Published online Sep 16, 2017. doi: 10.4253/wjge.v9.i9.471
Peer-review started: March 28, 2017
First decision: June 30, 2017
Revised: July 10, 2017
Accepted: August 15, 2017
Article in press: August 16, 2017
Published online: September 16, 2017
Processing time: 168 Days and 8.1 Hours
To compare colonoscopy quality with nitrous oxide gas (Entonox®) against intravenous conscious sedation using midazolam plus opioid.
A retrospective analysis was performed on a prospectively held database of 18608 colonoscopies carried out in Lothian health board hospitals between July 2013 and January 2016. The quality of colonoscopies performed with Entonox was compared to intravenous conscious sedation (abbreviated in this article as IVM). Furthermore, the quality of colonoscopies performed with an unmedicated group was compared to IVM. The study used the following key markers of colonoscopy quality: (1) patient comfort scores; (2) caecal intubation rates (CIRs); and (3) polyp detection rates (PDRs). We used binary logistic regression to model the data.

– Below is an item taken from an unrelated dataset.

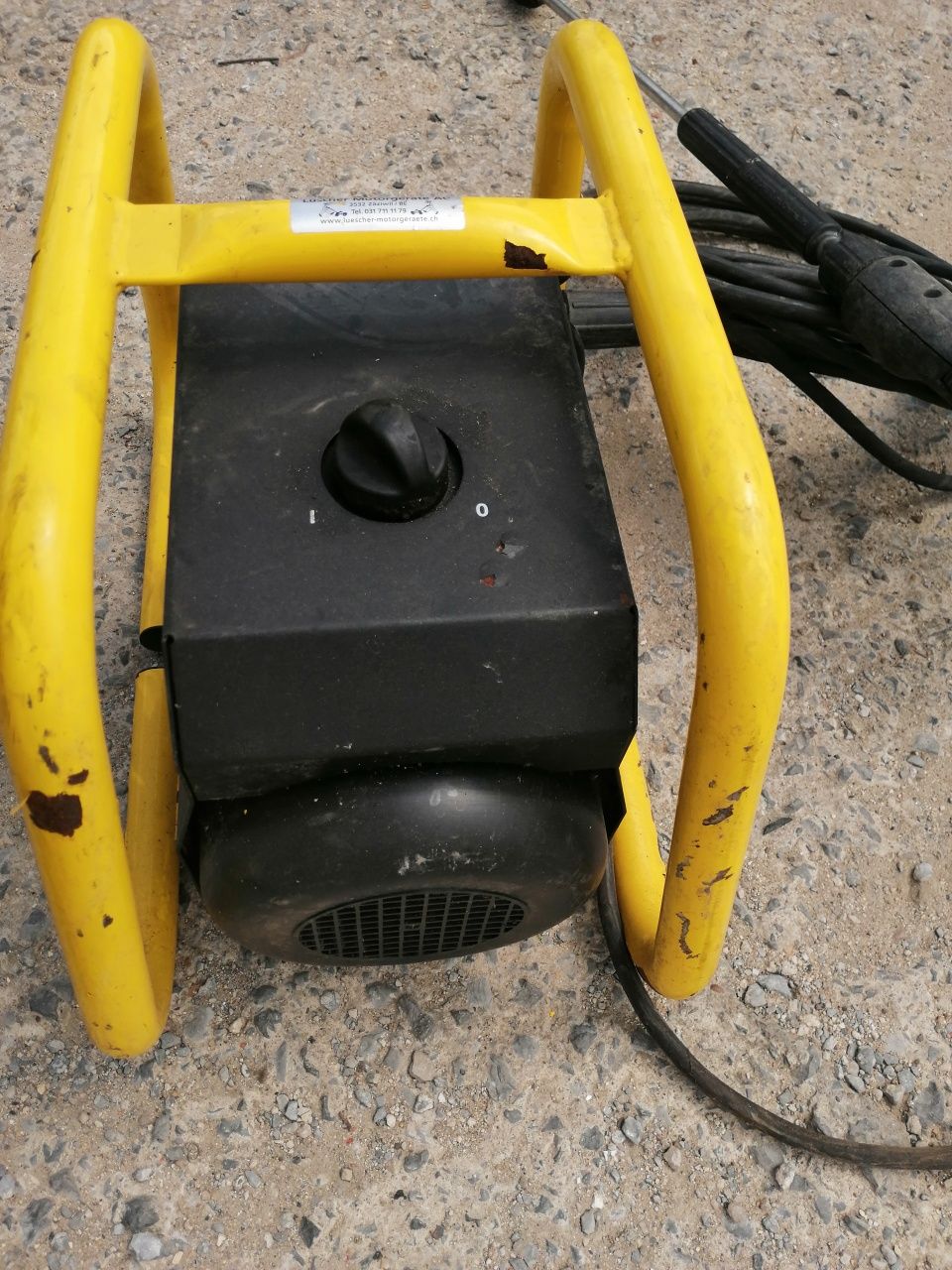 Водоструйка karcher HD 715 st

There was no difference in the rate of moderate-to-extreme discomfort between the Entonox and IVM groups (17.9% vs 18.8%; OR = 1.06, 95%CI: 0.95-1.18, P = 0.27). Patients in the unmedicated group were less likely to experience moderate-to-extreme discomfort than those in the IVM group (11.4% vs 18.8%; OR = 0.71, 95%CI: 0.60-0.83, P < 0.001). There was no difference in caecal intubation between the Entonox and IVM groups (94.4% vs 93.7%; OR = 1.08, 95%CI: 0.92-1.28, P = 0.34). There was no difference in caecal intubation between the unmedicated and IVM groups (94.2% vs 93.7%; OR = 0.98, 95%CI: 0.79-1.22, P = 0.87). Polyp detection in the Entonox group was not different from IVM group (35.0% vs 33.1%; OR = 1.01, 95%CI: 0.93-1.10, P = 0.79). Polyp detection in the unmedicated group was not significantly different from the IVM group (37.4% vs 33.1%; OR = 0.97, 95%CI: 0.87-1.08, P = 0.60).
The use of Entonox was not associated with lower colonoscopy quality when compared to intravenous conscious sedation using midazolam plus opioid.
Core tip: Previous studies have shown that colonoscopies performed with Entonox® gas are not associated with more patient discomfort, or lower caecal intubation rates, than those performed with intravenous conscious sedation. We have completed the largest and most comprehensive real-world retrospective study of Entonox use in colonoscopy. In particular, we compare colonoscopy quality with Entonox against intravenous conscious sedation using midazolam plus opioid. This study shows that Entonox is not associated with lower colonoscopy quality when compared to intravenous conscious sedation. Based on the results of this study, Entonox remains an attractive option for colonoscopy analgesia and sedation.